◆ **Task directions**: When you output the records, match them exactly and omit any picture they include.
::: Recorded data
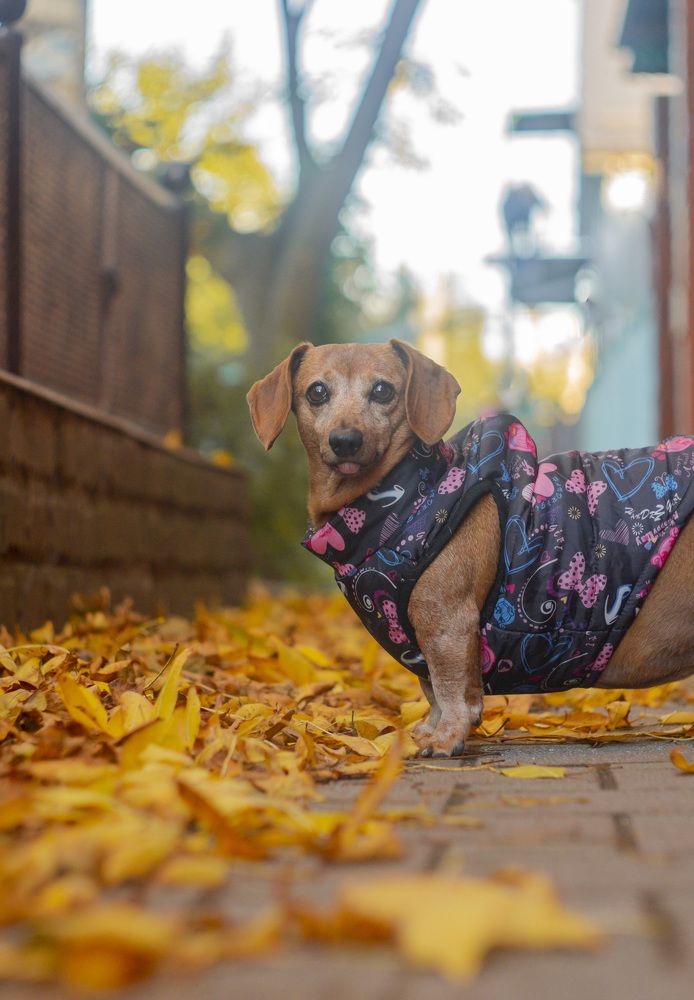 Photograph by Ilyin Evgeny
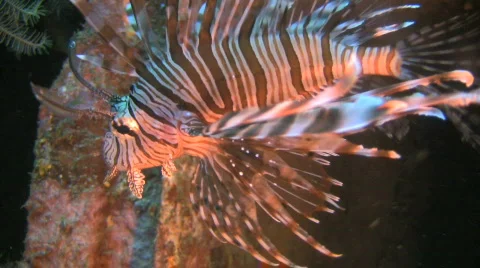 Common Lionfish, Pterois miles on a reef in the Philippines Stock Footage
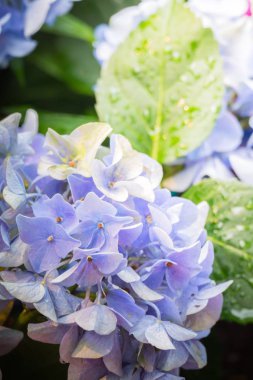 Renkli çiçeklerin arkaplan resmi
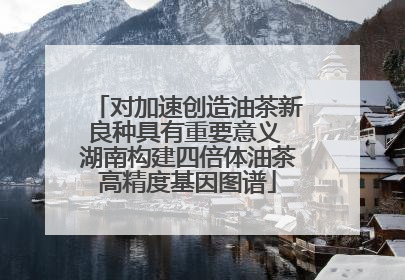 对加速创造油茶新良种具有重要意义 湖南构建四倍体油茶高精度基因图谱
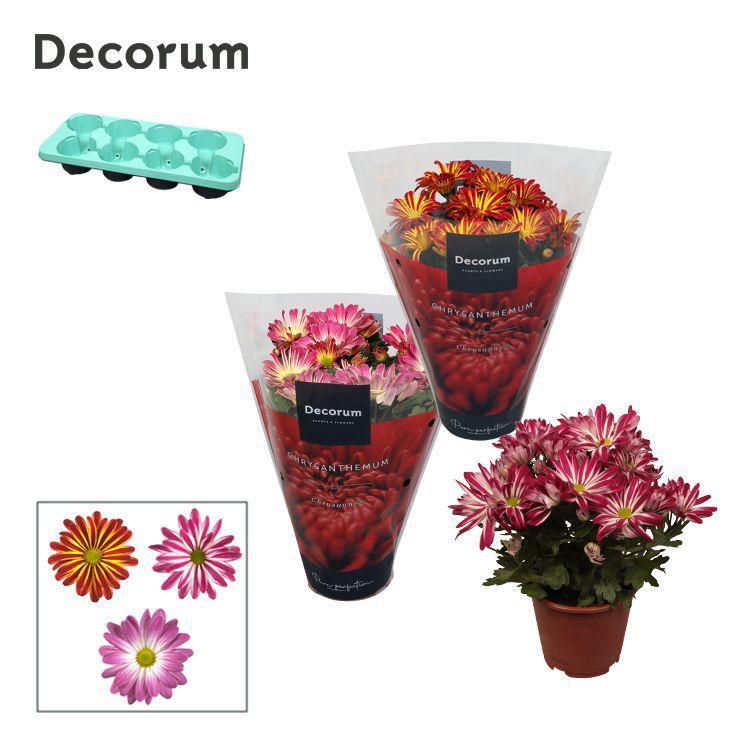 Горшечные цветы и растения оптом Chrys Margarita Bicolor Mix (decorum) от 8шт из Голландии с доставкой по России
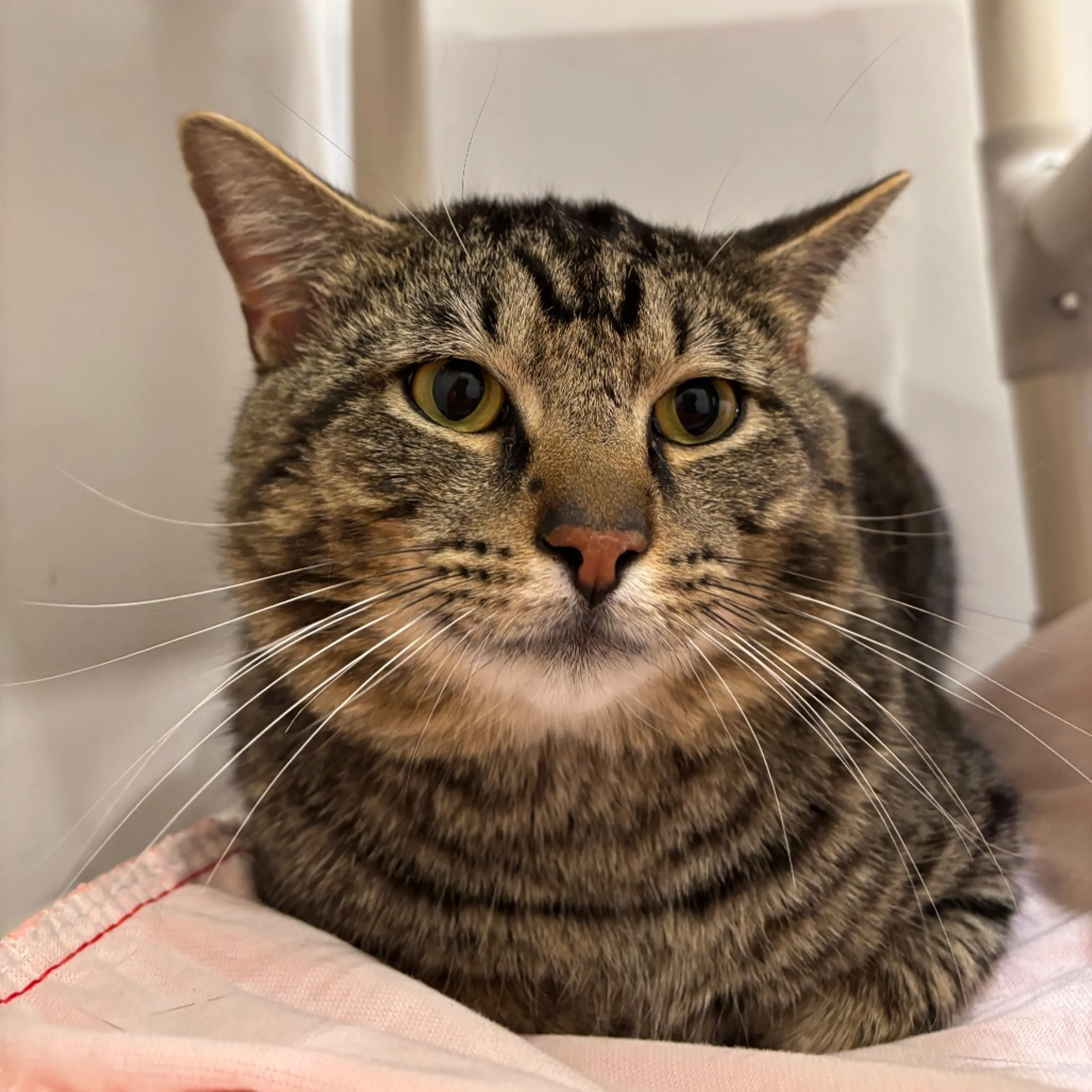 Found pet-2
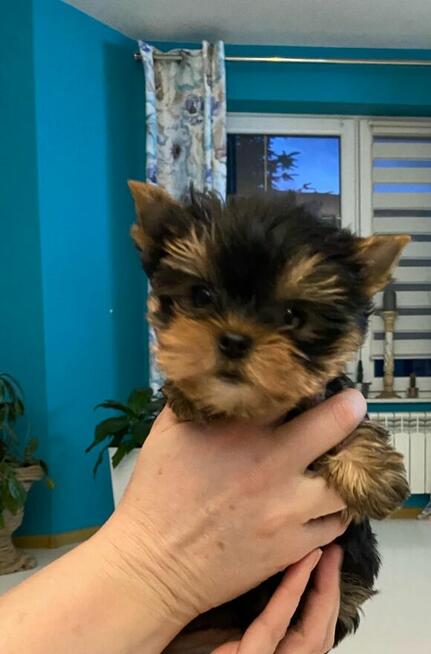 Yorkshire terrier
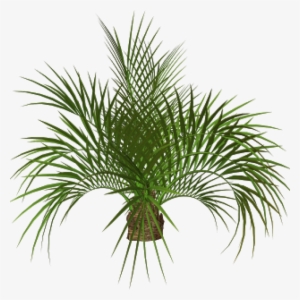 Palm Tree Plan Png - Palm Tree Png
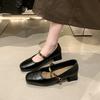 New Style Women's Luxury Mary Janes Shoes Square Toe Flats for Female Loafers Buckle Strap Ladies Shoes Spring Autumn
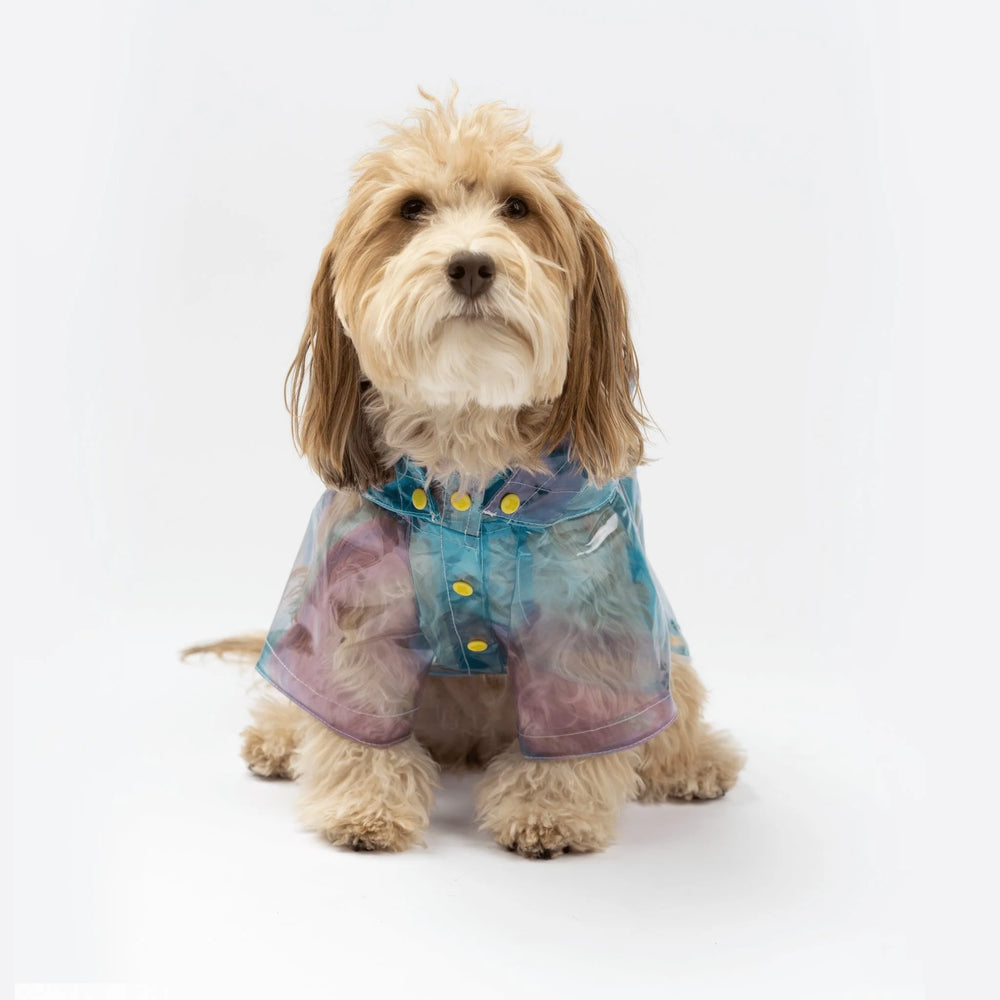 Kinney Dog Translusent Raincoat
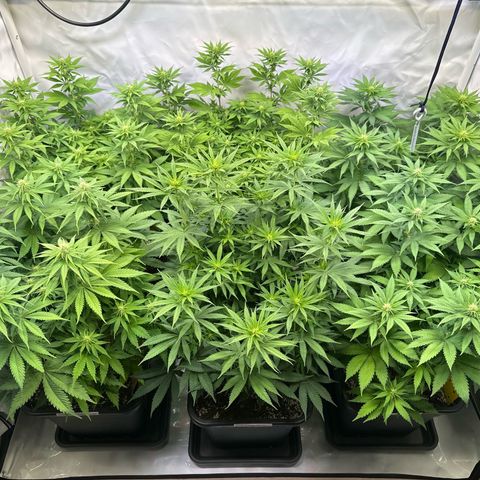 Euphoria #1 growlog timeline photo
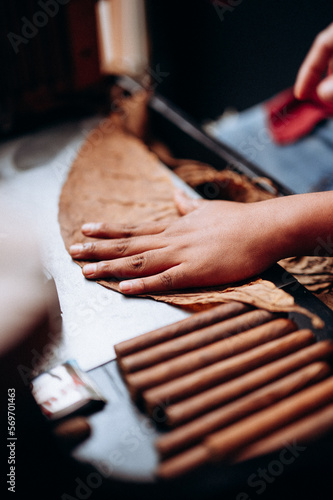 Preparación de tabaco dominicano.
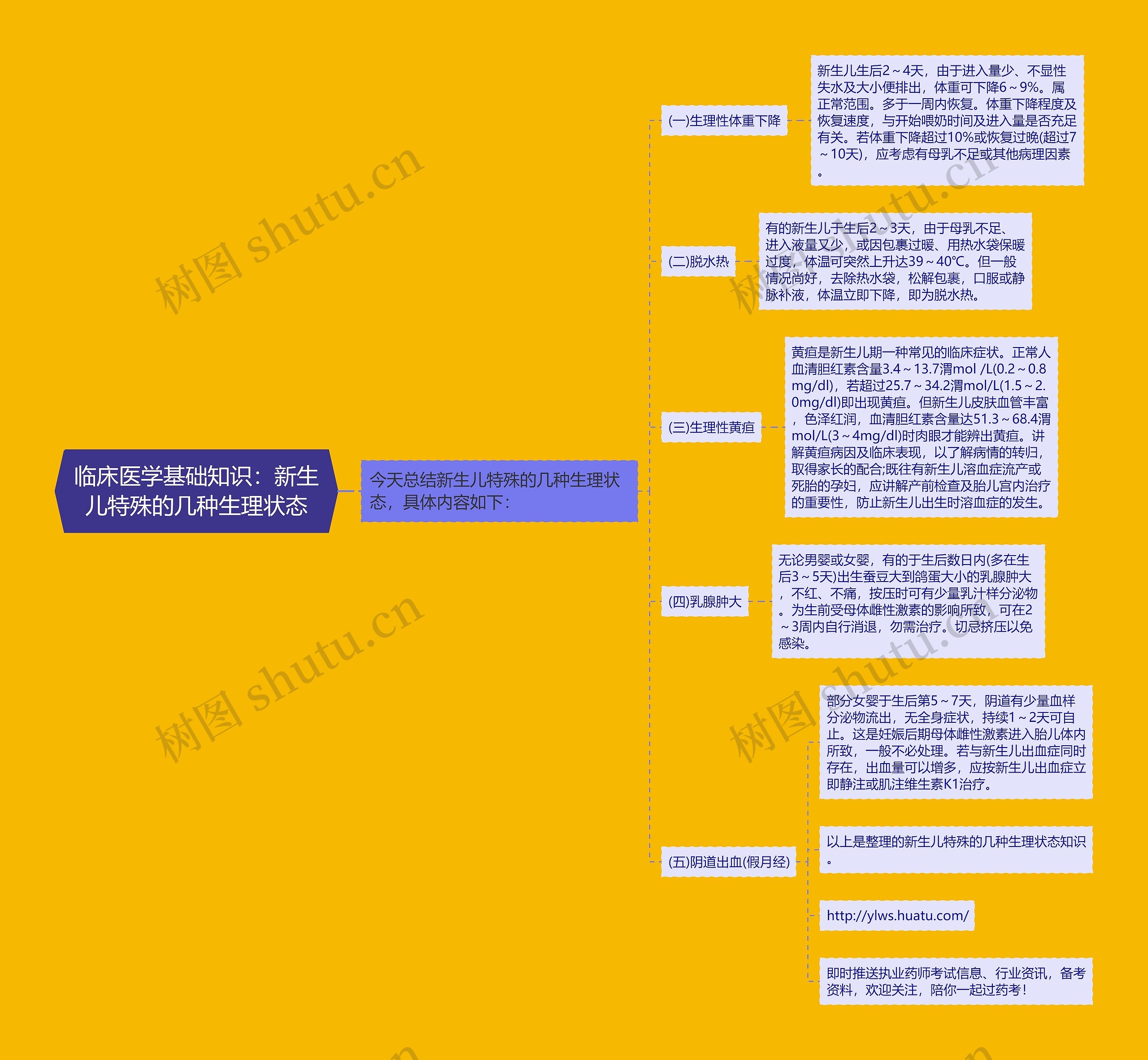 临床医学基础知识：新生儿特殊的几种生理状态思维导图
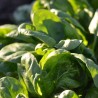ÉPINARD AMERICA - Graines BIO | Ferme de Sainte Marthe | Graines et Bio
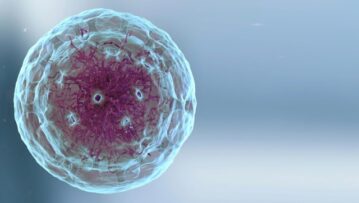 Prescient-Therapeutics-ASX-PTX-oncology-PTX-100-PTX-200-cancer-drugs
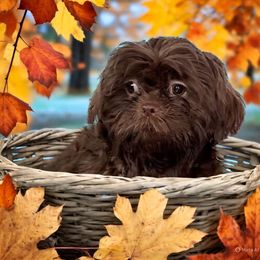 Nash - Chocolate male Shih Tzu puppy in Tallahassee, Florida from Bows and Bow Ties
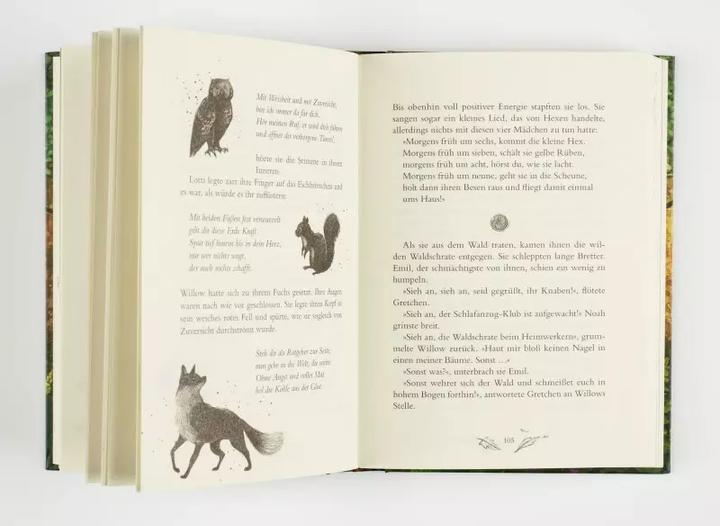 Produktbild Planet Ein Mädchen namens Willow 2: Waldgeflüster (Deutsch, Simona Ceccarelli, Sabine Bohlmann, 2021)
::::::
◆ **Solution**:
 Photograph by Ilyin Evgeny
 Common Lionfish, Pterois miles on a reef in the Philippines Stock Footage
 Renkli çiçeklerin arkaplan resmi
 对加速创造油茶新良种具有重要意义 湖南构建四倍体油茶高精度基因图谱
 Горшечные цветы и растения оптом Chrys Margarita Bicolor Mix (decorum) от 8шт из Голландии с доставкой по России
 Found pet-2
 Yorkshire terrier
 Palm Tree Plan Png - Palm Tree Png
 New Style Women's Luxury Mary Janes Shoes Square Toe Flats for Female Loafers Buckle Strap Ladies Shoes Spring Autumn
 Kinney Dog Translusent Raincoat
 Euphoria #1 growlog timeline photo
 Preparación de tabaco dominicano.
 临床医学基础知识：新生儿特殊的几种生理状态思维导图
ÉPINARD AMERICA - Graines BIO | Ferme de Sainte Marthe | Graines et Bio
 Prescient-Therapeutics-ASX-PTX-oncology-PTX-100-PTX-200-cancer-drugs
 Nash - Chocolate male Shih Tzu puppy in Tallahassee, Florida from Bows and Bow Ties
 Produktbild Planet Ein Mädchen namens Willow 2: Waldgeflüster (Deutsch, Simona Ceccarelli, Sabine Bohlmann, 2021)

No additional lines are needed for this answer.